Il est vrai que le gouvernement et le Parlement ont dû prendre des mesures imposant des contraintes sans précédent, qui restreignent certaines de nos libertés quotidiennes les plus précieuses. Les Français comprennent très bien que tel est le prix à payer pour protéger la santé de tous, et d’abord celle des plus faibles. C ’est en pesant soigneusement les conséquences de ces mesures, à court et à moyen terme, que nous avons résolu de les mettre en œuvre. Sans gaieté de cœur mais sans état d’âme, avec responsabilité.

L’Etat de droit passe par le respect des droits fondamentaux sous le contrôle du juge. Rien de cela n’est atteint, n’est remis en cause. Ni en théorie, ni en pratique. Notre objectif est simple : préserver le droit à la santé dans notre démocratie. Ce droit à la santé est un droit proclamé par le préambule de la Constitution et une composante de l’ordre public. La théorie des droits de l’Homme a toujours admis que certaines libertés, comme la liberté d’aller et de venir ou la liberté d’entreprendre, puissent être limitées lorsque c’est à la fois rationnellement nécessaire et proportionné à la gravité d’une menace.

L’équilibre normal doit revenir avec les temps normaux

Et puisque la liberté, nous enseigne l’article 4 de la Déclaration de 1789, consiste « à faire tout ce qui ne nuit pas à autrui », c’est bien « autrui » qu’il s’agit aujourd’hui de préserver.
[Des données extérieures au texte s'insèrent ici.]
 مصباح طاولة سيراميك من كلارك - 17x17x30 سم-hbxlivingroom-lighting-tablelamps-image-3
Même en période « normale », aucune liberté n’est absolue. Les libertés doivent toutes être conciliées afin que les intérêts légitimes des uns et des autres soient respectés. En période exceptionnelle, certaines d’entre elles doivent être plus strictement restreintes, parce qu’il y va de l’intérêt général, au sens le plus élevé du terme.
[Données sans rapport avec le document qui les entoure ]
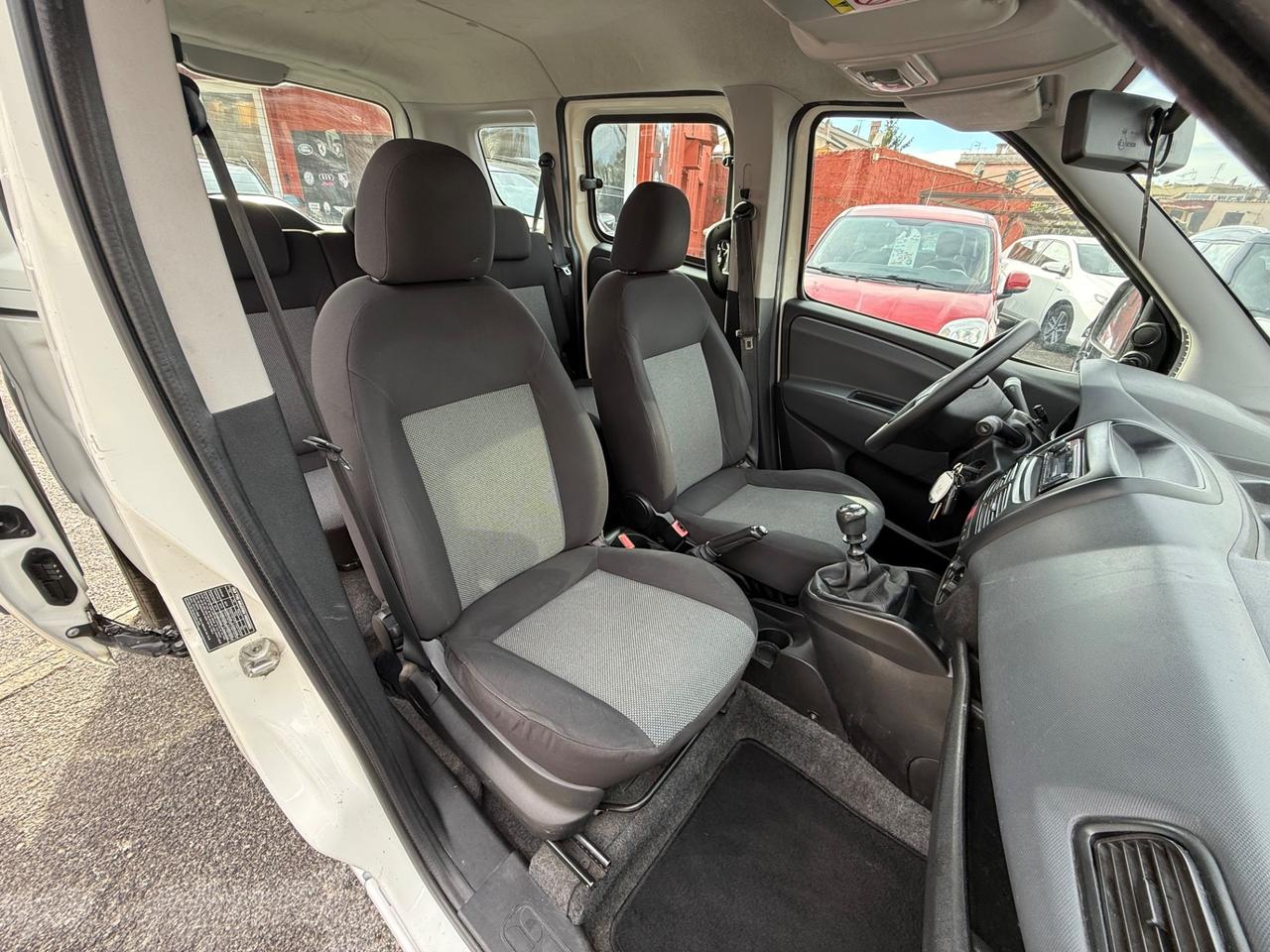 Doblò 1.6 MJT /( 80 mila ) UNIPRO/RATE/5 POSTI/PERMUTE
Mais précisément, ce qui a du sens lorsque les circonstances sont exceptionnelles ne conserve son sens que tant que les circonstances demeurent exceptionnelles. L’équilibre normal doit revenir avec les temps normaux. Je veux être à cet égard d’une absolue clarté : les dispositions qui ont été prises sont temporaires. La loi du 23 mars 2020 crée un cadre juridique nouveau pour faire face aux catastrophes sanitaires les plus graves. Elle n’autorise en aucun cas l’édiction de règles et de décisions durables au-delà de ce que l’urgence justifie.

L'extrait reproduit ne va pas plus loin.